Philippe Bonnecarrère s'est demandé si le titre XIII de la Constitution, intitulé « Dispositions transitoires relatives à la Nouvelle-Calédonie », continuait à être applicable. La réponse est oui. « Transitoire » ne veut pas dire « temporaire », mais une transition doit tout de même s'achever ! Il me semble que certaines des dispositions prises en application du titre XIII s'appliqueront durablement, quand d'autres, comme le corps électoral, peuvent soulever des difficultés, en ce qu'elles constituent des dérogations aux principes constitutionnels jugées conformes à la Constitution en raison de leur caractère transitoire. Certaines des dérogations aux principes fondamentaux de la République qu'il comporte soulèvent des problèmes d'application dès lors que le troisième référendum d'autodétermination a eu lieu, même si la légitimité de celui-ci est contestée par une fraction importante des parties calédoniennes.

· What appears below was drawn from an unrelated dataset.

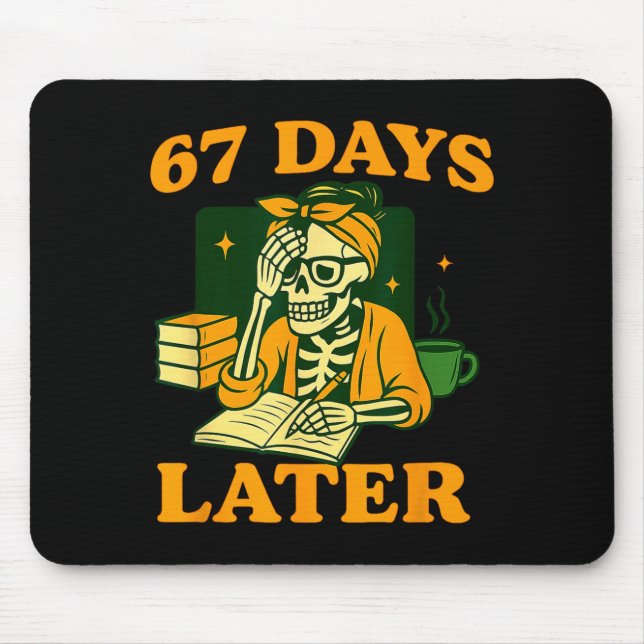 Funny Teacher Skeleton 6 7 Meme Six Seven Skeleton Mouse Mat (Front)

Oui, la question des listes électorales est essentielle, mais elle ne l'est pas davantage que d'autres questions tout aussi fondamentales. En réalité, s'agissant de la Nouvelle-Calédonie, il n'y a jamais eu d'obstacle constitutionnel à la mise en oeuvre d'un accord. Tout est dans l'accord ! Les accords passés étaient manifestement incompatibles avec la Constitution française : elle a été révisée.
La question des majorités politiques renvoie à l'alternative entre unilatéralisme et accord. Si un gouvernement propose une solution unilatérale de portée constitutionnelle et vient devant le Parlement pour l'imposer, ses chances d'aboutir sont très réduites. En revanche, un accord, quelles que soient les dérogations qu'il puisse comporter par rapport à notre ordre constitutionnel, aura une probabilité plus élevée, voire une probabilité élevée, d'emporter la décision du Parlement, voire du Congrès s'il revêt une dimension constitutionnelle.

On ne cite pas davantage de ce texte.